Exercise
Copy the records word for word. Pictures do not go in.

[Captioned web images]
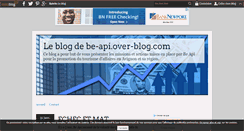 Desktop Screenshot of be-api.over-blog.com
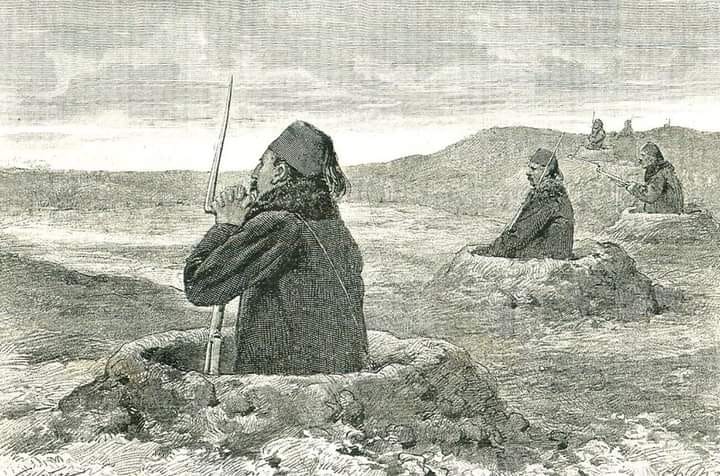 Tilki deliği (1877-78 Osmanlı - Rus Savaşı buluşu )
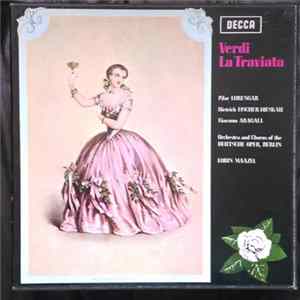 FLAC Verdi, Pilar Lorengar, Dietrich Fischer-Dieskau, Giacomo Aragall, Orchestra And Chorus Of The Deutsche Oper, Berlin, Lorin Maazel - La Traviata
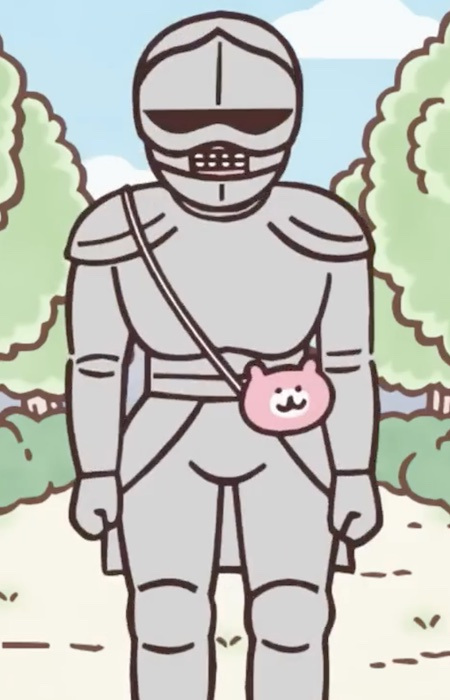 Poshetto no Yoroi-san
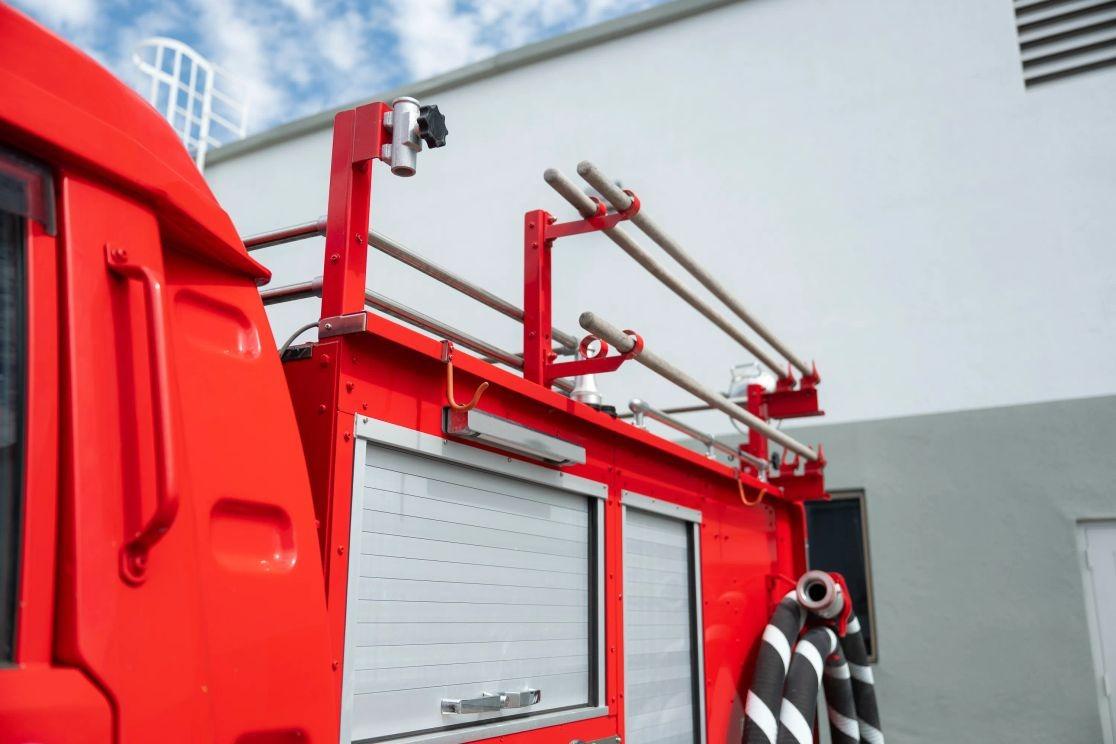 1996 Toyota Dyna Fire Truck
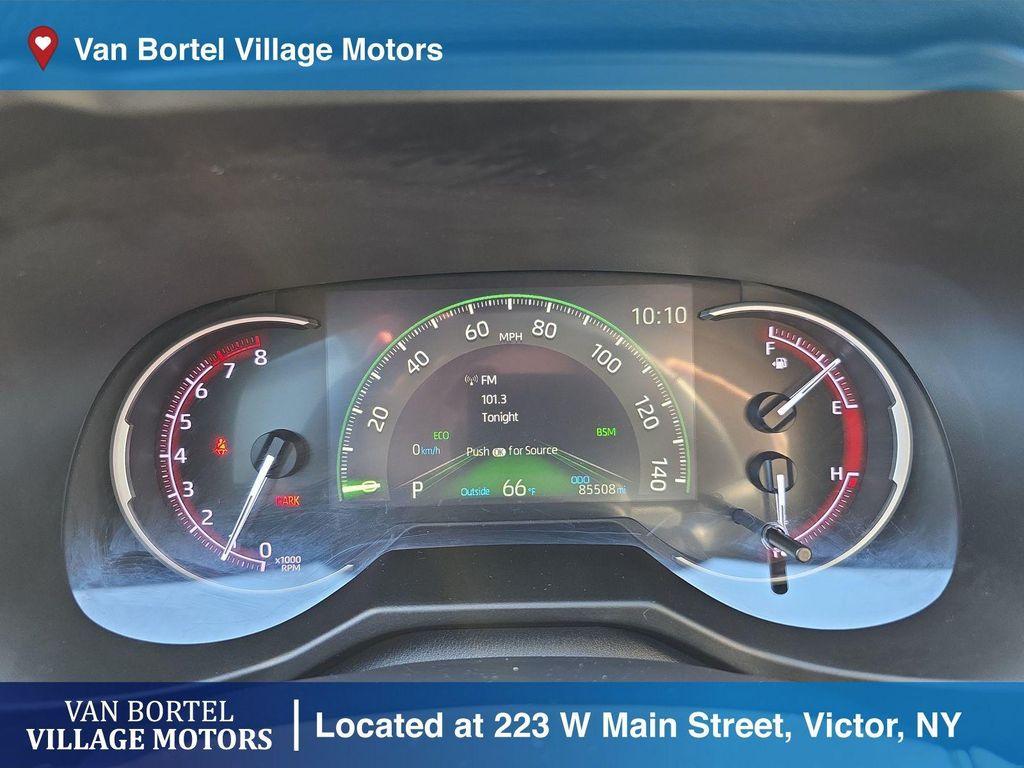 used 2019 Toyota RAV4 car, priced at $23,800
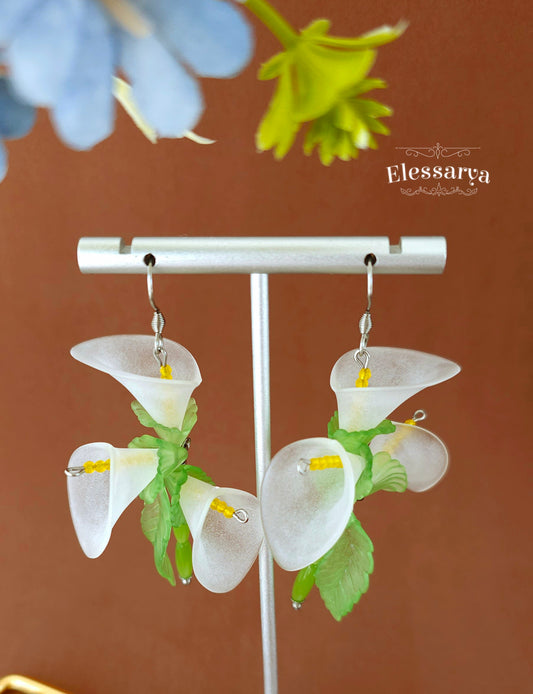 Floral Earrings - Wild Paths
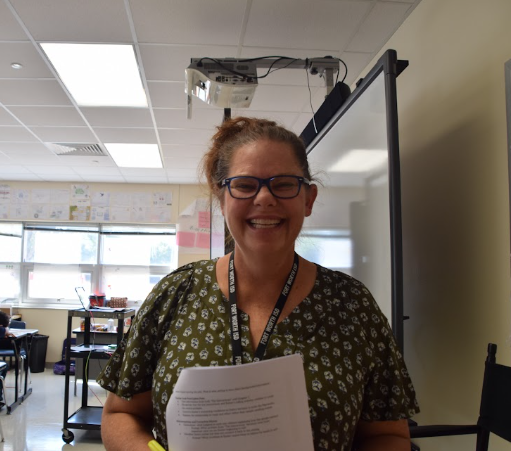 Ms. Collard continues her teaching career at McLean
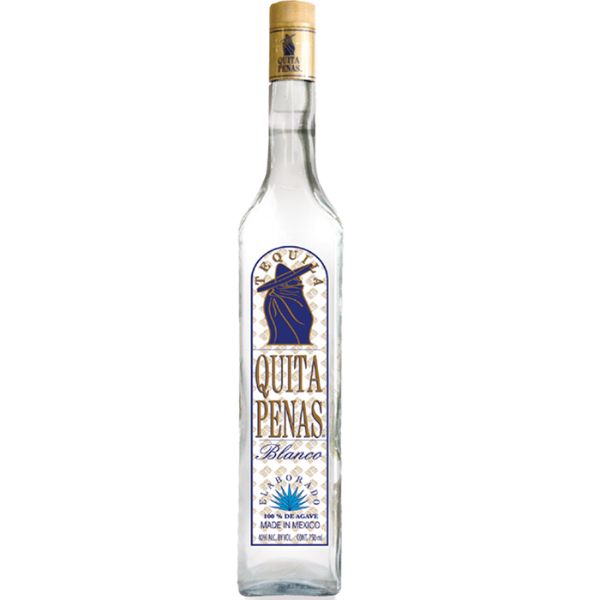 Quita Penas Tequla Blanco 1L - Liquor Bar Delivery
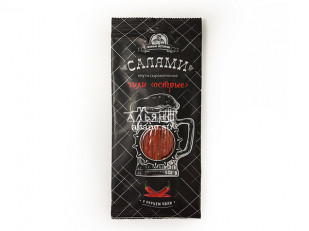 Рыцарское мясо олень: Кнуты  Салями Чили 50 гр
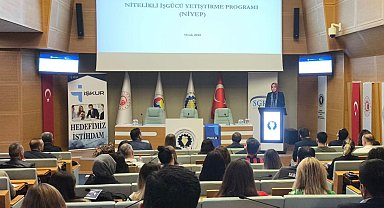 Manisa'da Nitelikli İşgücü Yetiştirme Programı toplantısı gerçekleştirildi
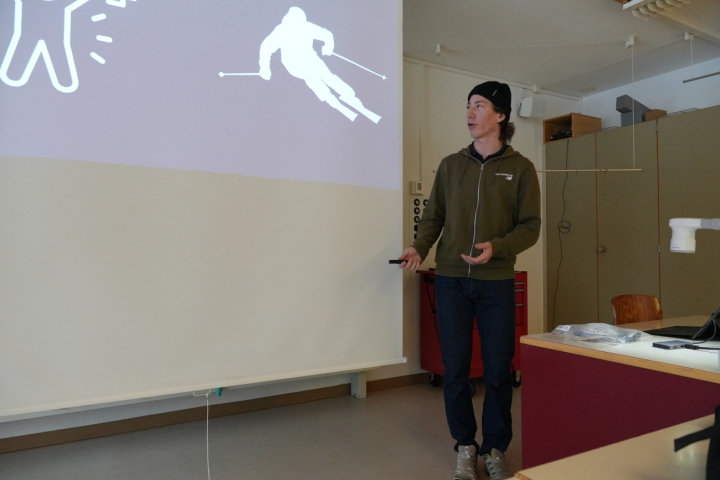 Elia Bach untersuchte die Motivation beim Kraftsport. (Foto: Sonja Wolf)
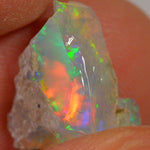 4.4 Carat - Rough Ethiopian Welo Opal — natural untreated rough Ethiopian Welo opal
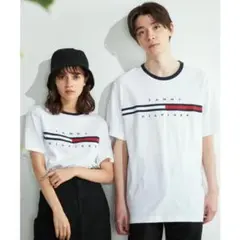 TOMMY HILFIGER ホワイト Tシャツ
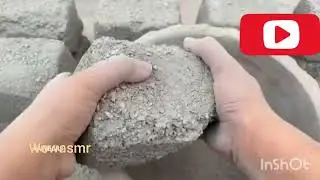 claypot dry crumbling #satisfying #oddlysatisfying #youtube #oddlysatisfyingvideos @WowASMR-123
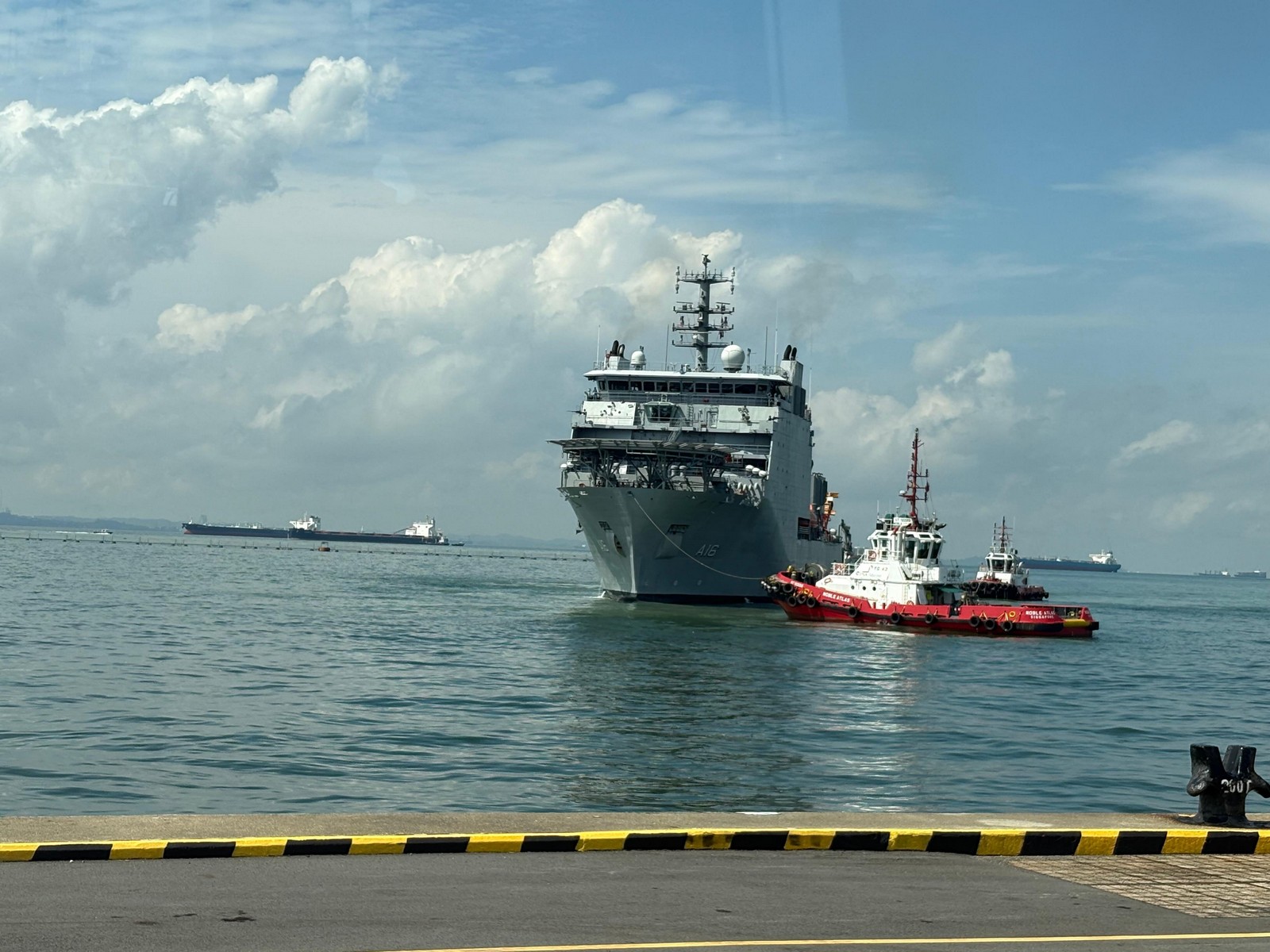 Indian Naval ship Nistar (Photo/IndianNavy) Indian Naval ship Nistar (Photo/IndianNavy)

Answer below
 Desktop Screenshot of be-api.over-blog.com
 Tilki deliği (1877-78 Osmanlı - Rus Savaşı buluşu )
 FLAC Verdi, Pilar Lorengar, Dietrich Fischer-Dieskau, Giacomo Aragall, Orchestra And Chorus Of The Deutsche Oper, Berlin, Lorin Maazel - La Traviata
 Poshetto no Yoroi-san
 1996 Toyota Dyna Fire Truck
 used 2019 Toyota RAV4 car, priced at $23,800
 Floral Earrings - Wild Paths
 Ms. Collard continues her teaching career at McLean
 Quita Penas Tequla Blanco 1L - Liquor Bar Delivery
 Рыцарское мясо олень: Кнуты  Салями Чили 50 гр
 Manisa'da Nitelikli İşgücü Yetiştirme Programı toplantısı gerçekleştirildi
 Elia Bach untersuchte die Motivation beim Kraftsport. (Foto: Sonja Wolf)
 4.4 Carat - Rough Ethiopian Welo Opal — natural untreated rough Ethiopian Welo opal
 TOMMY HILFIGER ホワイト Tシャツ
 claypot dry crumbling #satisfying #oddlysatisfying #youtube #oddlysatisfyingvideos @WowASMR-123
 Indian Naval ship Nistar (Photo/IndianNavy) Indian Naval ship Nistar (Photo/IndianNavy)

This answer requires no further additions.